Pelaku sinema tampaknya tak pernah kapok untuk mengadaptasi karya-karyanya Stephen King meskipun kebanyakan dari film-film hasil adaptasi tersebut jeblok di pasaran. Misery (1990) adalah satu dari sedikit film adaptasi tersebut yang memperoleh pengakuan. Paling tidak, di film ini pengakuan tersebut datang kepada Kathy Bates, pemeran Annie Wilkes dalma bentuk Oscar untuk Best Actress. Secara keseluruhan, kualitas film ini sebenarnya nowhere near the book. Penderitaan Paul Sheldon, penulis yang secara mental (dan fisik) tertekan kurang bisa disampaikan oleh James Caan. Thriller-thriller-nya juga kurang greget, beberapa bagian yang menurut gw penting untuk menaikkan tensi ketegangan justru dihilangkan. Usut punya usut, mereka dihilangkan karena dianggap terlalu sadis. Wajar. Sinema Hollywood masih belum se-vulgar film-film cult buatan Jepang. But anyway, Kathy Bates, si pemeran Annie Wilkes memang luar biasa. Karakter-karakter ciptaan Stephen King adalah karakter-karakter biasa dengan bentuk fisik yang cenderung kurang, tak terkecuali Annie Wilkes. Tapi, tunggu dulu, Annie Wilkes versi Kathy Bates ini lain, tidak seperti Annie Wilkes versi Stephen King. Annie Wilkes di film ini bisa tampil manis sehingga Paul (dan penonton) bisa percaya akan kebaikan hatinya, tapi sedetik kemudian ia bisa tampil layaknya seorang psikopat profesional. Kejam, tapi tenang. Dan Kathy Bates sukses dalam menterjemahkan dua sisi koin Annie Wilkes ini ke layar. Secara keseluruhan, film ini tidak sebagus adaptasi Stephen King lainnya, The Green Mile apalagi bila dibandingkan dengan adaptasi Stephen King terbaik, The Shawshank Redemption. But nonetheless, this film is enjoyable.

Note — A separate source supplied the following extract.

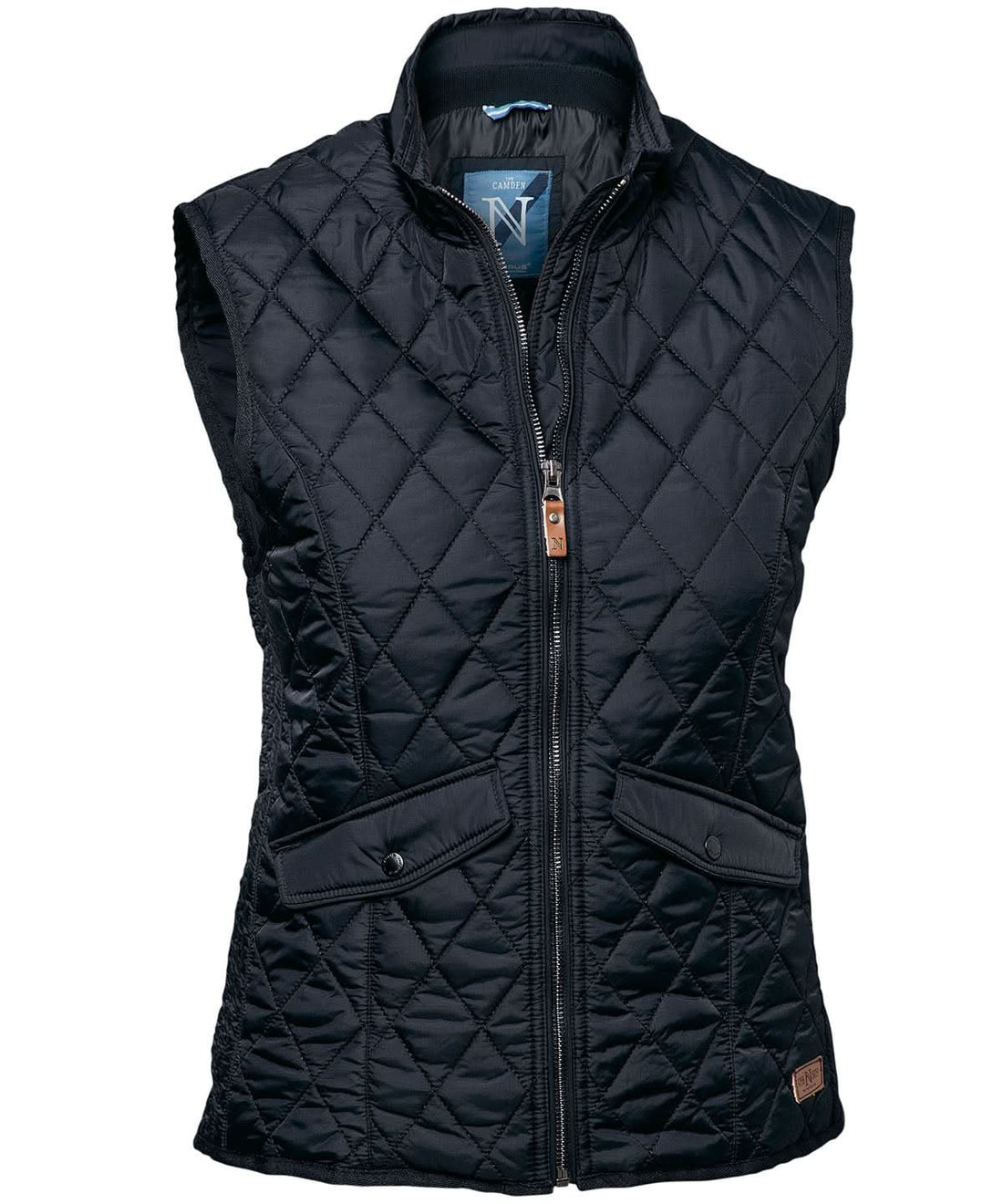 Nimbus Womens Camden diamond quilted gilet NB46F - Midnight Blue - Customisable Gilets &amp; Body Warmers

Without a Paddle dan The Princess Diaries 2 buat gw jatuh ke area yang sama. Mereka berdua adalah drama-komedi yang flat, tidak lucu, dan nyaris tidak kemana-mana. Kalau Without a Paddle mencoba menyuguhkan pentingnya persahabatan untuk tiga orang pemuda biasa (i called them, 'Dumb, Dumber, and Dumbest') dalam sebuah petualangan yang muskil dan komik, maka Princess Diaries, seperti pendahulunya menyuguhkan pentingnya menjaga perasaan dalam sebuah hubungan dari seorang putri negeri antah berantah. Persamaannya, keduanya punya villain yang super-bodoh tapi sukses dalam pekerjaan mereka (di Without a Paddle, villain super-bodoh-nya punya ladang ganja yang hasil penjualannya sanggup memberi makan seluruh penghuni kamp pengungsi di Kenya, di Princess Diaries, villain super-bodoh-nya duduk di salah satu posisi penting di parlemen). Keduanya juga menceritakan pencarian jati-diri yang sukses (di Without a Paddle, ketiga karakternya berubah drastis, di Princess Diaries, seluruh negara Genovia berubah). Perbedannya, ini yang membuat gw menaruh Without a Paddle setengah tingkat lebih tinggi dari temannya. Di Without a Paddle, kita bisa lihat pesannya sampai walau dengan alis mata terangkat tanda tak percaya, kita bisa lihat masing-masing karakter-nya meski pretentous dan komik, masih believable. In the other hand, Princess Diaries was way too ego-centric, and selfish. Pada intinya, jika Without a Paddle seperti melunakkan kepingan puzzle untuk bisa sesuai dengan pasangannya, Princess Diaries adalah kepingan puzzle yang tidak mau sedikit pun untuk membelokkan kurva-kurvanya supaya bisa sesuai dengan pasangannya. "It's them that had to change, not I. For Lord's apple-pie, i'm the princess after all!". Puih. What a selfish and pompous princess you're. Overall, gw tidak merekomendasikan dua film ini.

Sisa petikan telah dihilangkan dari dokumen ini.